1. 10 countries with the lowest infant mortality rates
2. 10 cities with the largest population
3. 10 ethnic groups with the largest overall populations (sum of best/latest estimates over all countries)
4. name and country of a) longest river, b) largest lake and c) airport at highest elevation

In [5]:
doc = ET.parse( './data/mondial_database.xml' )

In [6]:
countrybabydeath = {}
for element in doc.getiterator('country'):
    countrybabydeath[element.findtext('name')]=element.findtext('infant_mortality')

In [7]:
import pandas as pd
df = pd.DataFrame.from_dict(countrybabydeath,  orient='index', dtype='float')
df.columns = ['infant_mortality']

In [8]:
df.sort('infant_mortality', ascending=True).head(10)

  if __name__ == '__main__':


Unnamed: 0,infant_mortality
Monaco,1.81
Japan,2.13
Norway,2.48
Bermuda,2.48
Singapore,2.53
Sweden,2.6
Czech Republic,2.63
Hong Kong,2.73
Macao,3.13
Iceland,3.15


In [9]:
citypop = {}
for element in doc.getiterator('country'):
    for subelement in element.getiterator('city'):
        citypop[subelement.findtext('name')]=subelement.findtext('population[@year="2011"]')

In [10]:
df2 = pd.DataFrame.from_dict(citypop,  orient='index', dtype='float')
df2.columns = ['population']

In [11]:
df2.sort('population', ascending=False).head(10)

  if __name__ == '__main__':


Unnamed: 0,population
Mumbai,12442373.0
Delhi,11034555.0
Bangalore,8443675.0
Tehran,8154051.0
Dhaka,7423137.0
Hyderabad,6731790.0
Ahmadabad,5577940.0
Luanda,5000000.0
Chennai,4646732.0
Sydney,4605992.0


In [12]:
#first make empty dict with all ethnic group as key
ethnic={}
for element in doc.getiterator('country'):
    for subelement in element.getiterator('ethnicgroup'):
        ethnic[subelement.text] = 0

#get population count for all countries
countrypop = {}
for element in doc.getiterator('country'):
    for pop in element.findall('population'):
        countrypop[element.findtext('name')]=float(pop.text)
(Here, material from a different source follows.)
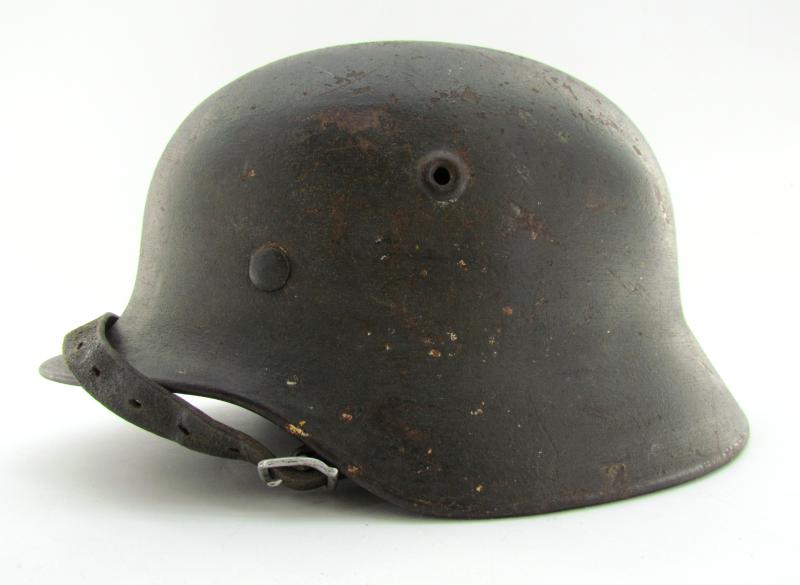 M40 Combat Helmet – Reissued, Late-War Finish ( Size 64 )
#now population ethnic dictionary        
for element in doc.getiterator('country'):
    for subelement in element.getiterator('ethnicgroup'):
        ethnic[subelement.text] = ethnic[subelement.text] + ((float(subelement.get('percentage')) * countrypop[element.findtext('name')] )/100)

In [13]:
df3 = pd.DataFrame.from_dict(ethnic,  orient='index', dtype='float')
df3.columns = ['population']

In [14]:
df3.sort('population', ascending=False).head(10)

  if __name__ == '__main__':


Unnamed: 0,population
Han Chinese,1245059000.0
Indo-Aryan,871815600.0
European,494872200.0
African,318325100.0
Dravidian,302713700.0
Mestizo,157734400.0
Bengali,146776900.0
Russian,131857000.0
Japanese,126534200.0
Malay,121993600.0


In [15]:
doc.getiterator('river')[0].getchildren()
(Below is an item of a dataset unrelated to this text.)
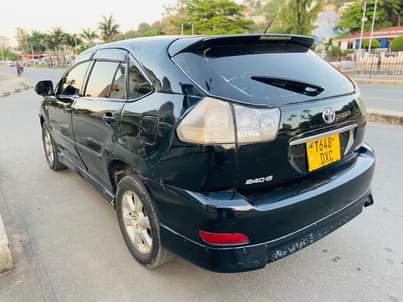 A picture of 0766350128 Harrier DXC Nzur ipo Mwanza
  if __name__ == '__main__':


[<Element 'name' at 0x1061d95d0>,
 <Element 'to' at 0x1061d9610>,
 <Element 'area' at 0x1061d9650>,
 <Element 'length' at 0x1061d9690>,
 <Element 'source' at 0x1061d96d0>,
 <Element 'estuary' at 0x1061d9790>]

In [16]:
doc.getiterator('river')[0].items()

[('country', 'IS'), ('id', 'river-Thjorsa')]

In [17]:
doc.getiterator('country')[0].keys()

['memberships', 'area', 'car_code', 'capital']

In [18]:
countrycode = {}
for country in doc.getiterator('country'):
    countrycode[country.get('car_code')] = country.findtext('name')

# name and country of a) longest river, b) largest lake and c) airport at highest elevation

In [19]:
longestriver = 0
name = ''
for river in doc.getiterator('river'):
    length = river.findtext('length')
    if length!=None:
        length = float(length)
        if (length > longestriver):
            country=''
            longestriver = length
            name = river.findtext('name')
            for countries in river.get('country').split():
                country = country + " " + countrycode[countries]
print "Longest river is ", name, "and it is found in ", country, longestriver

Longest river is  Amazonas and it is found in   Colombia Brazil Peru 6448.0


In [20]:
doc.getiterator('lake')[0].getchildren()

  if __name__ == '__main__':


[<Element 'name' at 0x1064d3110>,
 <Element 'located' at 0x1064d3150>,
 <Element 'to' at 0x1064d3190>,
 <Element 'area' at 0x1064d31d0>,
 <Element 'latitude' at 0x1064d3210>,
 <Element 'longitude' at 0x1064d3250>,
 <Element 'elevation' at 0x1064d3290>,
 <Element 'depth' at 0x1064d32d0>]

In [21]:
doc.getiterator('lake')[0].items()

[('country', 'SF'), ('id', 'lake-Inarisee')]

In [22]:
doc.getiterator('lake')[0].findtext('area')

'1040'

In [23]:
biggestlake = 0
name = ''
for lake in doc.getiterator('lake'):
    area = lake.findtext('area')
    if area!=None:
        area = float(area)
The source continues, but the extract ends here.